Life just feels the way it should - carefree and fun. Even though we all work during the day, every night feels like the weekend.
Almost everyone has a dog or two and they all run and play around the street. Free of leashes and boundaries. Smoke has grown so much by living here. Hes not as shy around people and he can even be left alone now. These past few months have taught all of us so much and I am so thankful.
Though at times, I miss home and all my old friends. I always wish that they could come up and see what I get to live everyday and enjoy it with me. But at the front of my mind I always remember that I have Pete and Smoke. My boys. They make me laugh everyday and I don’t know what I would do without them.
I came to Kingston with the same intentions I had when I went to Ottawa. I wanted to be able to be close to P and experience life together, as well as see what kind of opportunities it had for jobs. Both cities have taught and showed me so many new things that have helped me grow as a person and a designer. But without Peter I think there would have been many time that I would have stopped trying or gave up.
Hes been there supporting me through both the good and bad, and I want to take a second to thank him for that. I would not have been able to experience these things in my life if he didn’t include me in his. I appreciate all that he has done for me and for always being that person I knew I could rely on. It’s been a tough couple of months but being with him everyday makes it easier.

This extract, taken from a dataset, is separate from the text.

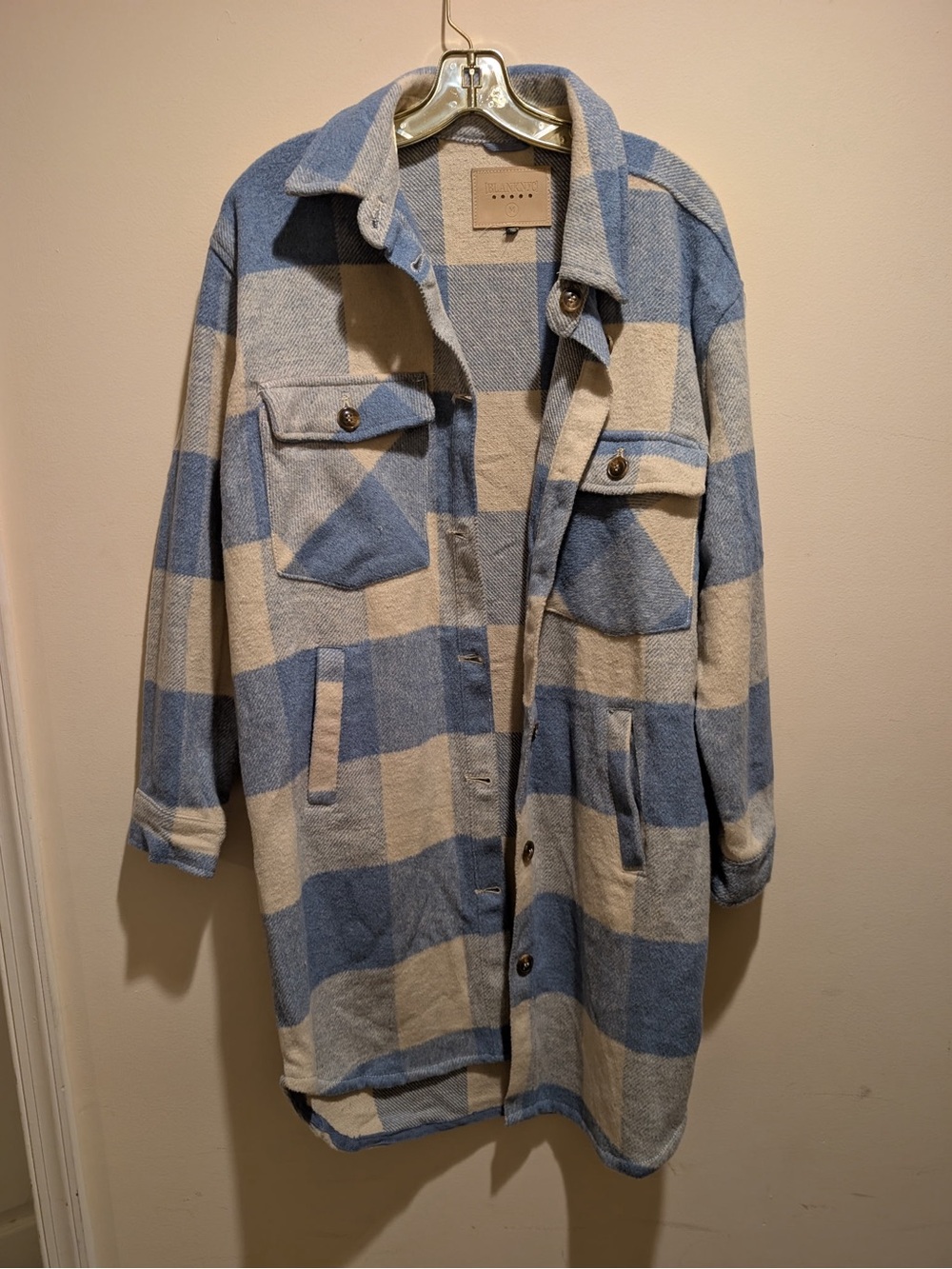 Blank NYC Blue & Cream Checked Shacket Jacket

On the 21st of October it will be our five years together. We have been thinking back to when we first started dating and we see how much our lives have changed. We went from living at home, to living 5 hours away, on our own, and with a dog. I’m grateful I have had someone as wonderful as him to experience it with and can’t wait to see what happens next.
I know this post might seem lame and lovey dovey - but I don’t care :) I’m so happy and want to share my love, happiness and smiles with everyone.
I would love to hear what makes everyone else happy and smile - care to share?